**What you should do**
Your answer must be the lines from the one holding "jogar blazer" through the final line of the entries below, copied exactly, with no pictures.

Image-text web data
☆ ☆ ☆ ☆
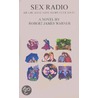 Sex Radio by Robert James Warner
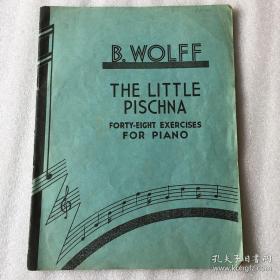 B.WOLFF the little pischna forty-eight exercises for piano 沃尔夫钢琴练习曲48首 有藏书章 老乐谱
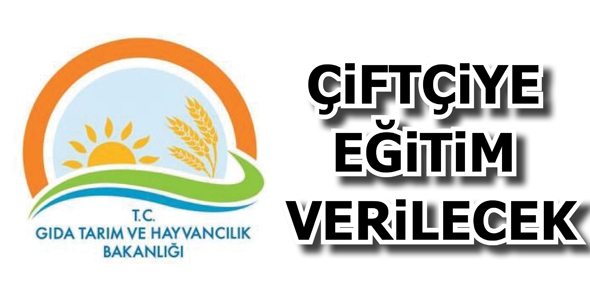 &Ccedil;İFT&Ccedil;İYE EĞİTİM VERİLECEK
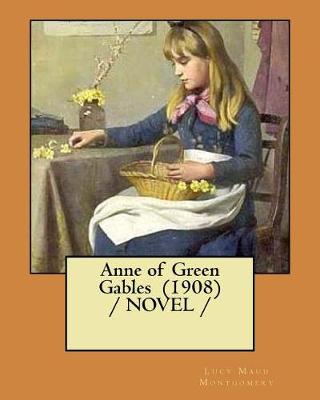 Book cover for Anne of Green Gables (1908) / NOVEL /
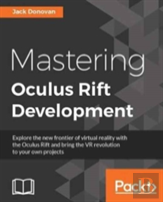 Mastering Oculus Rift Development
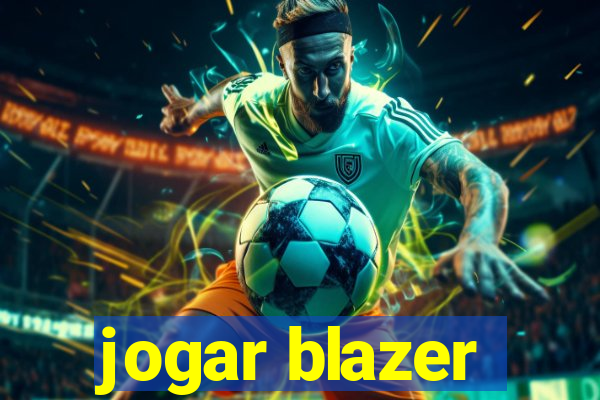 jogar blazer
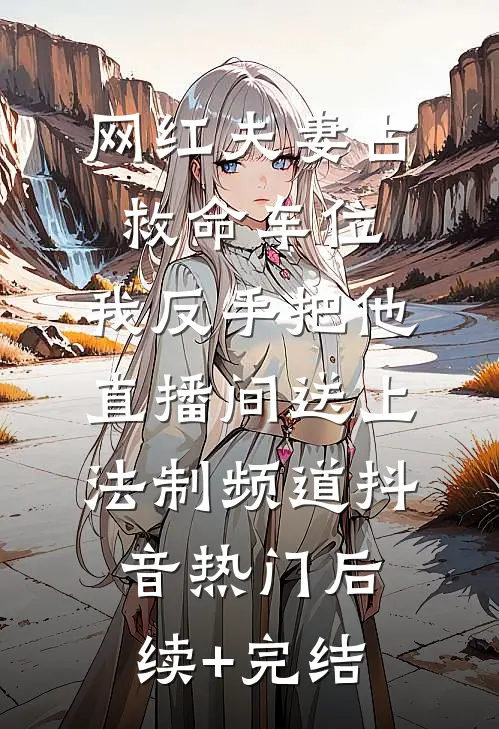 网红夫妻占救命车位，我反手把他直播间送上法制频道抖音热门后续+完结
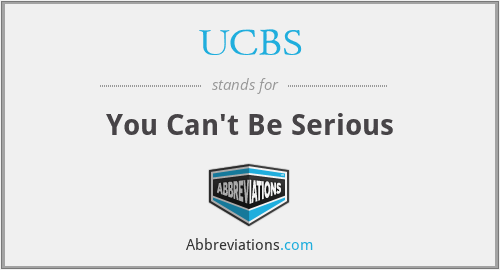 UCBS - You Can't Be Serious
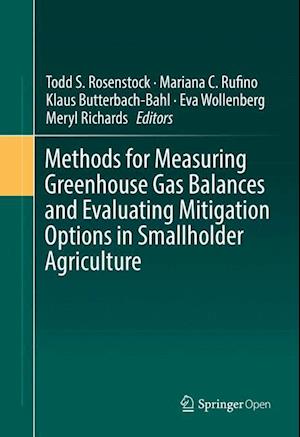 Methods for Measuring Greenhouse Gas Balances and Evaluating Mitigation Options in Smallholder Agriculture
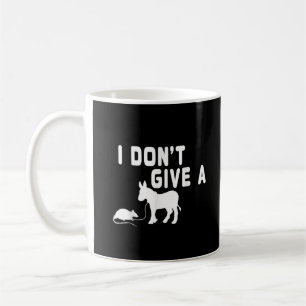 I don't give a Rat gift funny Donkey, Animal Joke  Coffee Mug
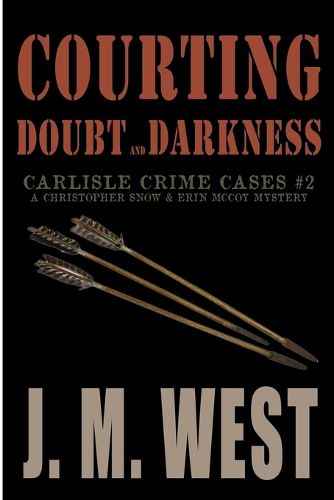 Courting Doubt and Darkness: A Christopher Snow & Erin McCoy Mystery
☆ ☆ ☆ ☆
**Exercise result**
 jogar blazer
 网红夫妻占救命车位，我反手把他直播间送上法制频道抖音热门后续+完结
 UCBS - You Can't Be Serious
 Methods for Measuring Greenhouse Gas Balances and Evaluating Mitigation Options in Smallholder Agriculture
 I don't give a Rat gift funny Donkey, Animal Joke  Coffee Mug
 Courting Doubt and Darkness: A Christopher Snow & Erin McCoy Mystery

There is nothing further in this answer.